M. Bédard: ...Mme la Présidente, je veux savoir qui refuse de débattre de la motion et d'approuver la motion sur la laïcité...

La Vice-Présidente (Mme Houda-Pepin): Monsieur... monsieur...

Une voix: ...

La Vice-Présidente (Mme Houda-Pepin): Un instant, s'il vous plaît! Un instant, s'il vous plaît! M. le leader de l'opposition officielle, ce n'est pas une question de règlement. Vous avez posé... Ce n'est pas une question de règlement. Il n'y a pas de consentement, M. le leader.

Une voix: ...

La Vice-Présidente (Mme Houda-Pepin): Votre question de règlement?

Une voix: ...

M. Bédard: Article 2, tu vas l'apprendre. Mme la Présidente, dans...

Des voix: ...

M. Bédard: Mme la Présidente, il y a plusieurs façons de prendre la parole dans l'Assemblée. La seule façon reconnue par le règlement, c'est faire ce que je fais actuellement, c'est me lever et de dire: Effectivement, je suis pour ou contre. Je veux voir le leader dire le contraire du ministre qui vient de dire en point de presse... Je veux qu'il refuse, et la seule façon qu'il peut le faire, c'est de se lever et refuser son consentement à cette motion. Je veux qu'il se lève, on ne peut pas parler directement. Je veux le savoir, moi, officiellement qui est contre la laïcité.

La Vice-Présidente (Mme Houda-Pepin): Bon, très bien. Très bien. Alors, je vous ai... je vous ai entendu, M. le leader de l'opposition officielle. Je vous ai entendu, votre point est fait. Vous êtes... vous êtes un député d'expérience. Nous sommes aux motions sans préavis. Je n'ai pas le consentement pour débattre de la motion. Le... le... Je n'ai pas de consentement. Le leader de... du gouvernement a signifié...

Des voix: ...

?(11 h 10)?

La Vice-Présidente (Mme Houda-Pepin): Excusez-moi! Le leader du gouvernement a signifié à la présidence qu'il n'y a pas consentement. Donc... donc il n'y a pas de consentement. On passe à autre chose.

Des voix: ...

La Vice-Présidente (Mme Houda-Pepin): Il n'y a pas de discussion!

Des voix: ...

La Vice-Présidente (Mme Houda-Pepin): Un instant! Je suis désolée, je veux, d'abord et avant tout, avoir de l'ordre dans cette Chambre. Il n'y a pas de discussion sur la motion...

Une voix: ...

La Vice-Présidente (Mme Houda-Pepin): ...pour laquelle on n'a pas eu de consentement.

Une voix: ...

La Vice-Présidente (Mme Houda-Pepin): Voulez-vous me permettre... Est-ce que vous avez quelque chose à ajouter sur... sur le règlement?

Une voix: ...

La Vice-Présidente (Mme Houda-Pepin): Question de règlement.

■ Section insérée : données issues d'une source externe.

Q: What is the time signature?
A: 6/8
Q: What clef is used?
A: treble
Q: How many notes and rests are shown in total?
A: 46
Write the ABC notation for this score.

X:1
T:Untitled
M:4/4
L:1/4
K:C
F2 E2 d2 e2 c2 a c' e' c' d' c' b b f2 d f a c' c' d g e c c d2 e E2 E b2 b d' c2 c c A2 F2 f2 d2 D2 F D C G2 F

M. Bédard: Le règlement est clair, Mme la Présidente. La façon officielle de donner notre consentement, ce n'est pas par code. Il y a des fois on a des codes: on peut s'adresser à vous et on s'entend. Officiellement, la seule façon... Parce que le ministre semble plutôt gêné de se lever aujourd'hui parce qu'il est démasqué, mais la seule façon que le code reconnaît, que notre règlement reconnaît de donner son consentement, ce n'est pas à visage caché, il faut que quelqu'un se lève, dans le micro, et dise: Je n'offre pas mon consentement...

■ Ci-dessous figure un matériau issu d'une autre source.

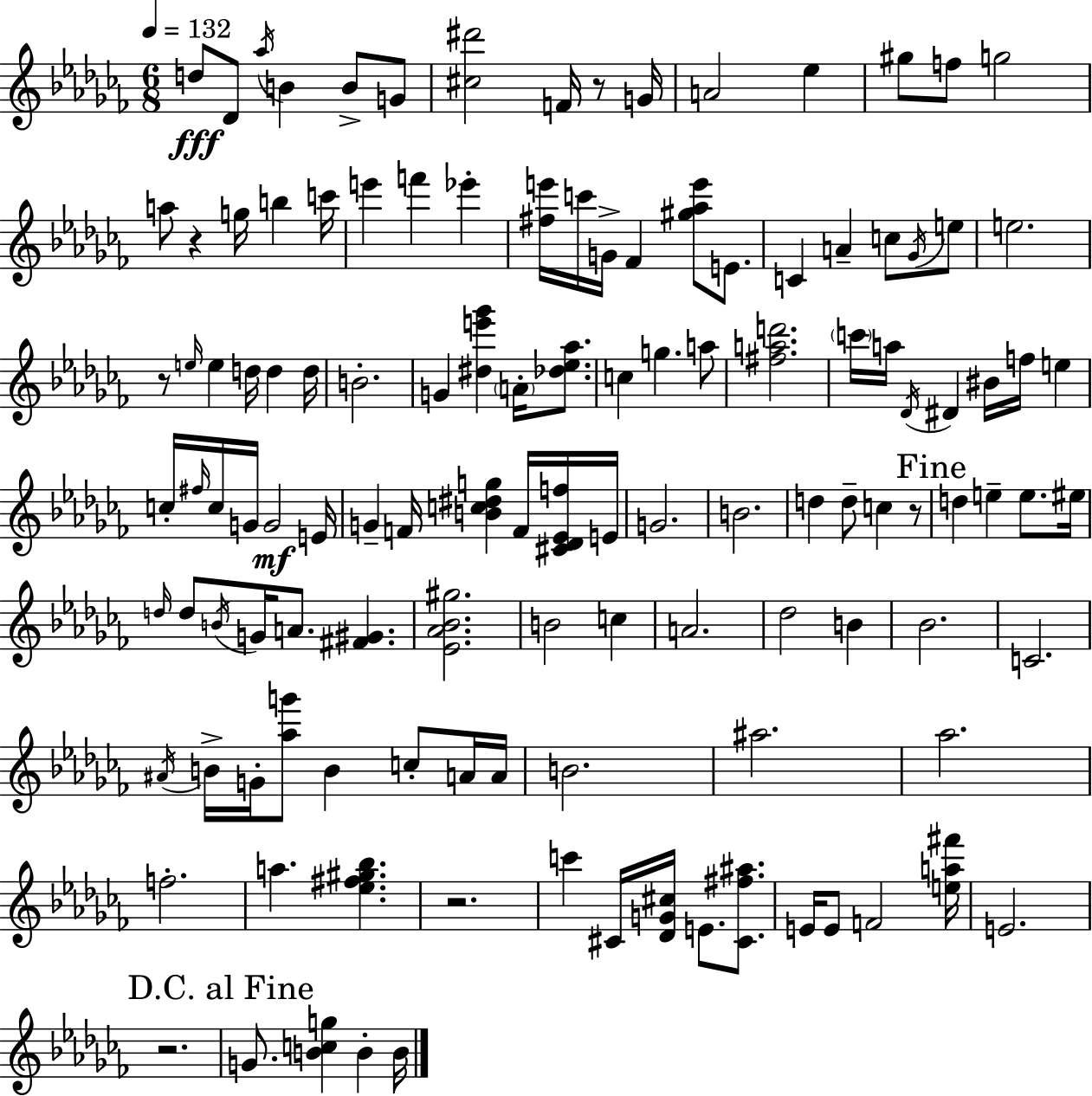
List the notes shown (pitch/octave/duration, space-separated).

D5/e Db4/e Ab5/s B4/q B4/e G4/e [C#5,D#6]/h F4/s R/e G4/s A4/h Eb5/q G#5/e F5/e G5/h A5/e R/q G5/s B5/q C6/s E6/q F6/q Eb6/q [F#5,E6]/s C6/s G4/s FES4/q [G#5,Ab5,E6]/e E4/e. C4/q A4/q C5/e Gb4/s E5/e E5/h. R/e E5/s E5/q D5/s D5/q D5/s B4/h. G4/q [D#5,E6,Gb6]/q A4/s [Db5,Eb5,Ab5]/e. C5/q G5/q. A5/e [F#5,A5,D6]/h. C6/s A5/s Db4/s D#4/q BIS4/s F5/s E5/q C5/s F#5/s C5/s G4/s G4/h E4/s G4/q F4/s [B4,C5,D#5,G5]/q F4/s [C#4,Db4,Eb4,F5]/s E4/s G4/h. B4/h. D5/q D5/e C5/q R/e D5/q E5/q E5/e. EIS5/s D5/s D5/e B4/s G4/s A4/e. [F#4,G#4]/q. [Eb4,Ab4,Bb4,G#5]/h. B4/h C5/q A4/h. Db5/h B4/q Bb4/h. C4/h. A#4/s B4/s G4/s [Ab5,G6]/e B4/q C5/e A4/s A4/s B4/h. A#5/h. Ab5/h. F5/h. A5/q. [Eb5,F#5,G#5,Bb5]/q. R/h. C6/q C#4/s [Db4,G4,C#5]/s E4/e. [C#4,F#5,A#5]/e. E4/s E4/e F4/h [E5,A5,F#6]/s E4/h. R/h. G4/e. [B4,C5,G5]/q B4/q B4/s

La Vice-Présidente (Mme Houda-Pepin): Parfait. Monsieur...

Des voix: ...

La Vice-Présidente (Mme Houda-Pepin): Alors, M. le leader de l'opposition officielle, il n'y a pas de consentement sur la motion, il n'y a pas de discussion là-dessus.

Une voix: ...

La Vice-Présidente (Mme Houda-Pepin): Un instant, s'il vous plaît, vous allez... Il est de coutume que le leader...

Des voix: ...

La Vice-Présidente (Mme Houda-Pepin): ... ? excusez-moi ? que le leader du gouvernement, ou le leader de l'opposition, ou le leader du deuxième groupe d'opposition signifie ou refuse le consentement. Alors, ça a été fait, la présidence en a pris note, il n'y a pas de consentement. Mme la députée de Lotbinière.

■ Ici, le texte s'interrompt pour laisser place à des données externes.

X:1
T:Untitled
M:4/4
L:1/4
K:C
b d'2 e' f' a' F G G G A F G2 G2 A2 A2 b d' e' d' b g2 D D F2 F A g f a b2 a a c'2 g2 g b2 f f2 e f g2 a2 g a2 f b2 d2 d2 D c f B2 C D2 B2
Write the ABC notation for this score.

Mme Roy: Mme la Présidente, j'aimerais qu'on consigne notre consentement au procès-verbal de débattre de cette motion, s'il vous plaît.

La Vice-Présidente (Mme Houda-Pepin): Un instant, s'il vous plaît, je dois répondre à la députée. Alors, Mme la députée, ça va être fait. Oui, M. le leader de...

M. Bédard: ...

La Vice-Présidente (Mme Houda-Pepin): ...l'opposition officielle.

M. Bédard: ...vous voyez, vous pouvez effectivement notifier notre consentement. Mais, pour refuser qu'elle soit débattue, on doit le faire ouvertement et au micro. Officiellement, ce que je demande au ministre, s'il est gêné, là, il doit maintenant le faire, parce que sinon vos codes entre vous, entre vous deux, ça ne peut pas l'emporter sur le règlement, M. le Président... Mme la Présidente.

Alors, ce que je demande, c'est conformément au règlement, et, si vous vous informez aux gens qui sont bien concernés là-dessus, la seule façon officielle de refuser son consentement à une motion qui est très importante, qui concerne la laïcité, c'est de le faire officiellement au micro. Alors, moi, ce que je m'attends, c'est que la personne qui refuse son consentement, elle se nomme. Ce n'est pas un cri dans l'auditoire, les cris peuvent venir d'en haut, Mme la Présidente, ça prend quelqu'un qui se lève.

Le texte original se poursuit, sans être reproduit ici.